Paprikasauce ungarischer Art nach Original-Rezept

Der Duft von gebräunter Butter und frischen Kräutern – kaum etwas vermag die Lebensgeister so schnell zu wecken wie ein Hauch von Intensität in der Küche. Es ist dieser Moment, wenn die ersten Aromen in die Nase steigen und eine wohlige Wärme sich im Raum ausbreitet, selbst wenn draußen bitterkalte Winde wehen mögen.

Genau so ein Gefühl, eine tiefe Nostalgie gepaart mit der Vorfreude auf etwas Herzhaftes, steigt in mir auf, wenn ich an die Paprikasauce ungarischer Art denke.
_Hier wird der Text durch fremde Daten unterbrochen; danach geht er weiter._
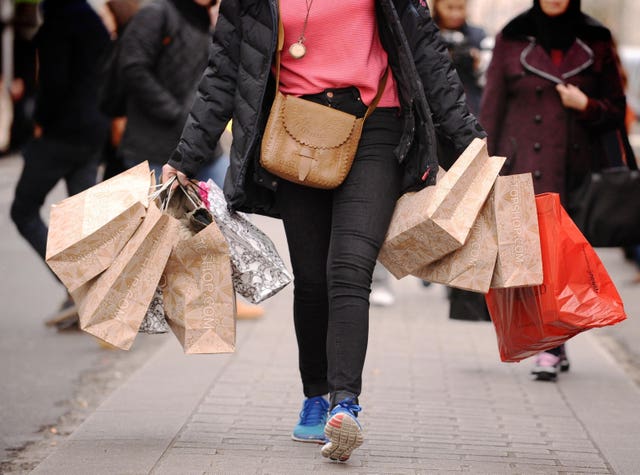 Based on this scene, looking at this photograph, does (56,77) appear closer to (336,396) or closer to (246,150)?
(246,150)

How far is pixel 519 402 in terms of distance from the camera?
5871 mm

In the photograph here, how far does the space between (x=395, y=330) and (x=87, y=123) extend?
2224 millimetres

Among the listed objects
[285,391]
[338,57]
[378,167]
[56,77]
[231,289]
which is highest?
[338,57]

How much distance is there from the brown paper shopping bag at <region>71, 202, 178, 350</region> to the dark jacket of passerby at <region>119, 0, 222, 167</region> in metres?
2.81

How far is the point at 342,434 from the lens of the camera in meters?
4.28

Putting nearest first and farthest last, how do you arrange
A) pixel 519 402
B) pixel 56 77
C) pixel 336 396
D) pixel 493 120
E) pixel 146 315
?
pixel 336 396, pixel 146 315, pixel 519 402, pixel 493 120, pixel 56 77

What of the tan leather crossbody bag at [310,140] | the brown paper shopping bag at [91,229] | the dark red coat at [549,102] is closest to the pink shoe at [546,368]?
the dark red coat at [549,102]

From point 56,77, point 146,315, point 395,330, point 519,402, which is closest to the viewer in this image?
point 146,315

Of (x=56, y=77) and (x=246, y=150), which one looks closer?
(x=246, y=150)

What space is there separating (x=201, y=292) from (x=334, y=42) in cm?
98

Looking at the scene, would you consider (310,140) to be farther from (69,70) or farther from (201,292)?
(69,70)

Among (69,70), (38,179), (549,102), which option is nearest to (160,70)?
(69,70)

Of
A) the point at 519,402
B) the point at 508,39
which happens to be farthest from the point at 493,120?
the point at 519,402

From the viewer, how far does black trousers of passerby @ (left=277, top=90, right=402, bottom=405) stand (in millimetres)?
4426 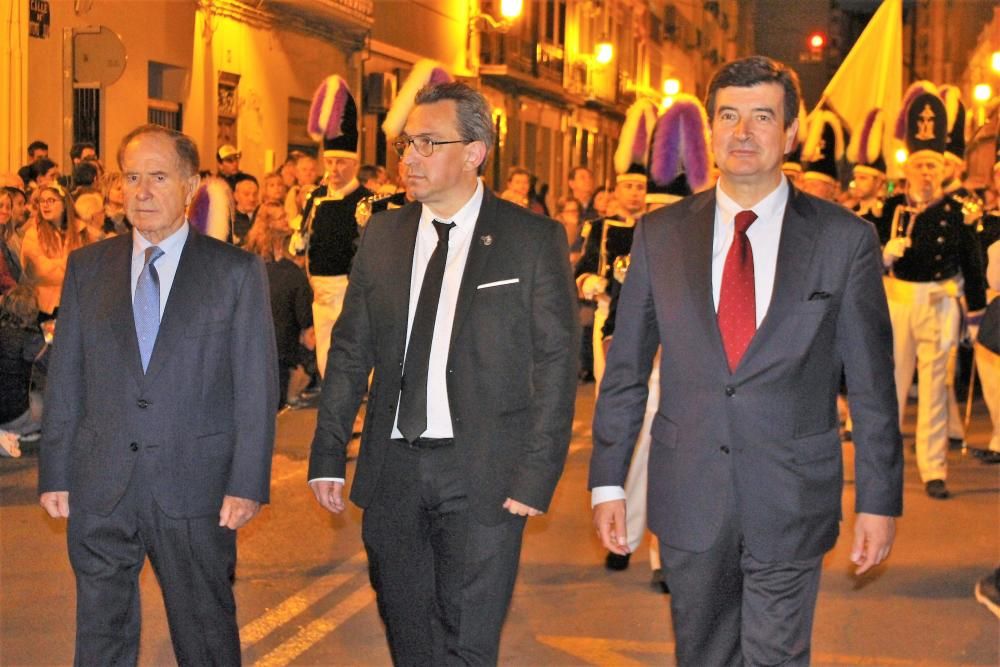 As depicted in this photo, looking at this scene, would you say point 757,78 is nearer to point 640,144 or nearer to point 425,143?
point 425,143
Sie ist mehr als nur eine Beilage; sie ist ein Versprechen von Geschmack, eine Erinnerung an gemeinsame Mahlzeiten und an die Kunst, einfache Zutaten in etwas Besonderes zu verwandeln.

Warum du dieses Rezept lieben wirst

  • Aromatischer Tiefgang: Bevor du überhaupt eine Gabel deiner Kreation in den Mund steckst, verzaubert dich ein komplexes Zusammenspiel von süßer Paprika, leicht säuerlichen Gurken und einer subtilen Schärfe, das die Nase kitzelt und den Appetit weckt.
  • Kinderleichte Raffinesse: Dieses Gericht beweist, dass wahre Gaumenfreuden nicht kompliziert sein müssen. Mit wenigen Handgriffen entsteht eine Sauce, die selbst anspruchsvollste Esser beeindruckt und dir das Gefühl gibt, ein wahrer Meisterkoch zu sein.
  • Unverwechselbare Textur: Es ist nicht nur der Geschmack, sondern auch die Konsistenz – sämig, leicht stückig und doch wunderbar harmonisch. Jeder Löffel erzählt eine eigene kleine Geschichte von der sorgfältigen Zubereitung.
  • Vielseitiges Multitalent: Ob zum klassischen Schnitzel, einem saftigen Steak oder als verlockende Ergänzung für Grillgut – diese Paprikasauce kleidet jedes Gericht in ein neues, köstliches Gewand und offenbart dabei stets ihre eigene, wunderbare Persönlichkeit.

Das brauchst du

Die Magie dieser Sauce liegt in der Frische und Qualität der wenigen, aber essenziellen Zutaten. Wenn du bei den Paprikasorten ein wenig experimentierst – vielleicht eine sonnengereifte rote gemischt mit einer goldgelben –, belohnt dich die Sauce mit einer tieferen Farbe und einem nuancierteren Geschmack. Selbst die Gewürzgurken spielen eine Hauptrolle, also greife zu denen, die dir besonders gut schmecken.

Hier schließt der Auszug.